As Don Roby said, there is a plain old arithmetic solution to your problem. Let me show you how to do it for the first values of i.
* EDIT 2 : CODE FOR THE LOWER PART *
for(int i=m ; i<= n+1 ; i+=m)//old computation
s+=(i-1)/2 ;
int a = (n+1)/m; // maximum value of i
int b = (a*(a+1))/2; //
int v = 0;
int p;
if(m % 2 == 0){
p = m/2;
v = b*p-a; // this term is always here
}
else{
p = (m - 1)/2;
int sum1 = ((a/2)*(a/2 +1))/2;
int sum2 = (((a-1)/2)*((a-1)/2 +1))/2;
v = b*p -a ;// this term is always here
v+= sum1 + a/2; //sum( 1 <= j <= a )(j-1), j pair
v+= sum2; //sum( 1 <= j <= a )(j-1), j impair
}
System.out.println( " Are both result equals ? "+ (s == v));
How do I come up with it? I take
for(i=m ; i<= n+1 ; i+=m)
s+=(i-1)/2 ;
I make a change
for(j=1 ; j*m <= n-1 ; j++)
s+=(j*m-1)/2 ;
I pose a=Math.floor(n+1/m). There are 3 cases :
m is pair, then interior of the loop is s+= p*j.
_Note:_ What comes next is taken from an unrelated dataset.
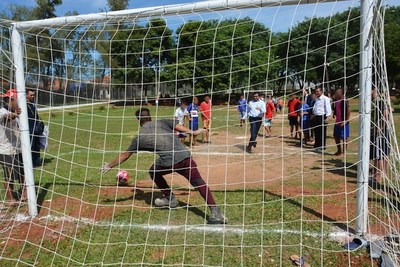 Implementarán escuelas de fútbol en centros educativos como reinserción de jóvenes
The result is
b(a*(a+1))/2 -a
m is impair and the iterator j is pair
m is impair and the iterator j is impair
When m is impair, you can write m = 2p + 1 and the interior of the loop becomes
s+= p*j + (j-1)/2
p*j is the same as before, now you need to break the division by assuming j is always pair or j always impair and summing both values.
The next loop you need to compute is
for(int i=a+1 ; i<= (2*n-1) ; i+=m)// a is (n+1)/m
s+=(2*n-i+1)/2;
which is the same as
for(int i=1 ; i<= (2*n-1)-a ; i+=m)
s+= (2n-a)/2 - (i-1)/2;
This loop is similar to the first one, so there is not much work to do...
Indeed this is tedious..
My approach to this would be to first write characterizing tests asserting the values produced for different values of m and n, and then start refactoring.
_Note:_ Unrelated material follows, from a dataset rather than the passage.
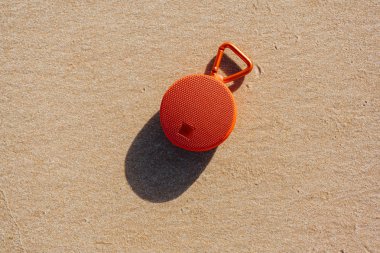 Sahilde taşınabilir kablosuz hoparlör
Your main loop has a change of logic based on getting halfway through (the if(i<=n+1) choice), so I'd first split it into two loops based on that.
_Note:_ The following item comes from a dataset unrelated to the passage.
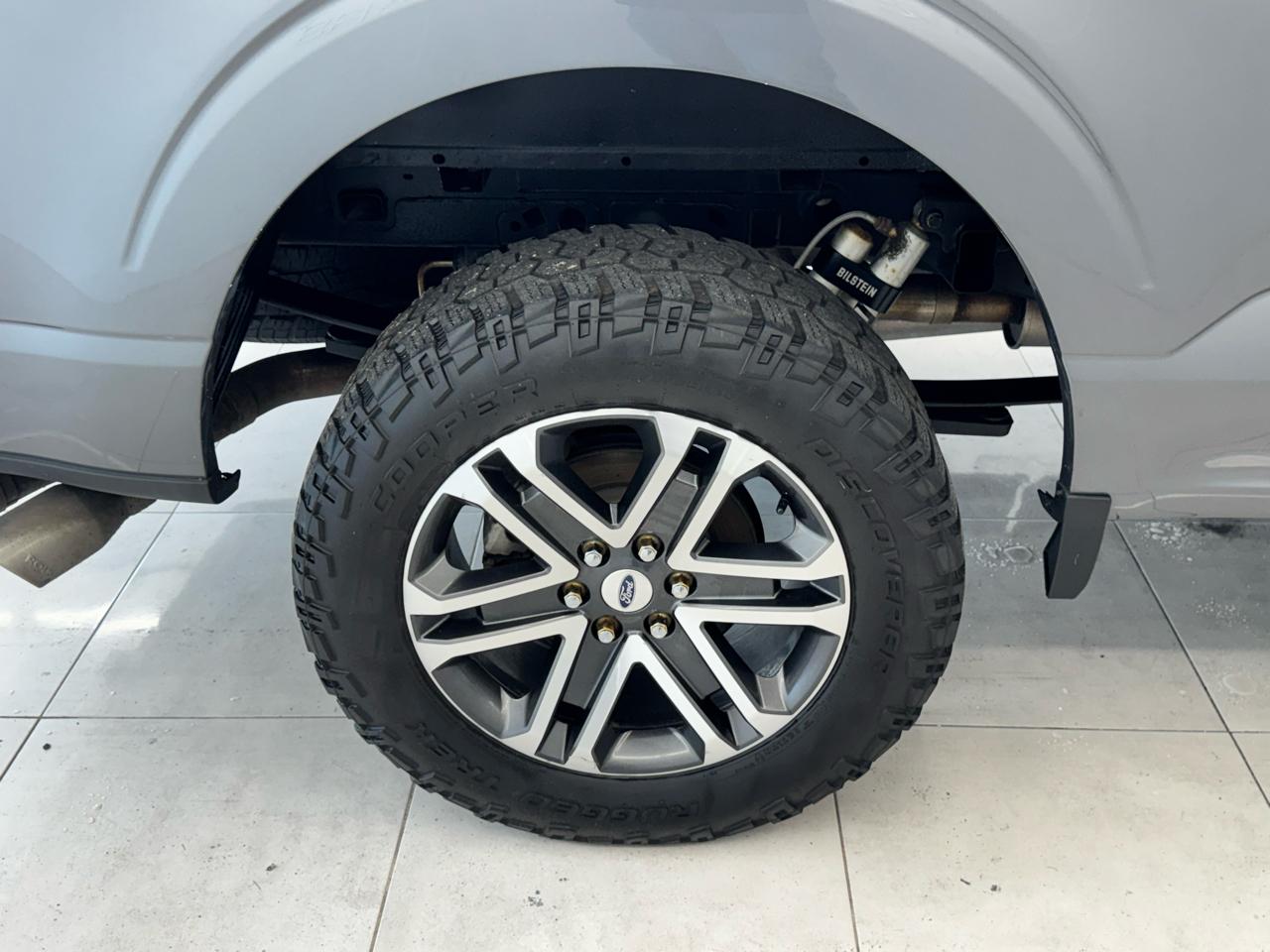 Ford F-150 XLT 4WD SuperCab 8' Box 2023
Then you have in each of the resulting loops, a computation that varies principally on whether i is even or odd. Split each into 2 more loops separating thes, and the floor computations may be simpler to understand. Alternatively, you might see a pattern of repeated values that lets you simplify these loops in a different way.
Each of the resulting loops will likely be something resembling a sum of an arithmetic progression, so you'll likely find that they can be replaced by closed form computations not requiring loops at all.
While you go along this path, you might also refactor to extract portions of the computation to functions. Write characterizing tests for these as you extract them.
Keep running all your tests as you proceed and you'll likely be able to reduce this to a sum of simple computations, which might then reduce further by plain old arithmetic.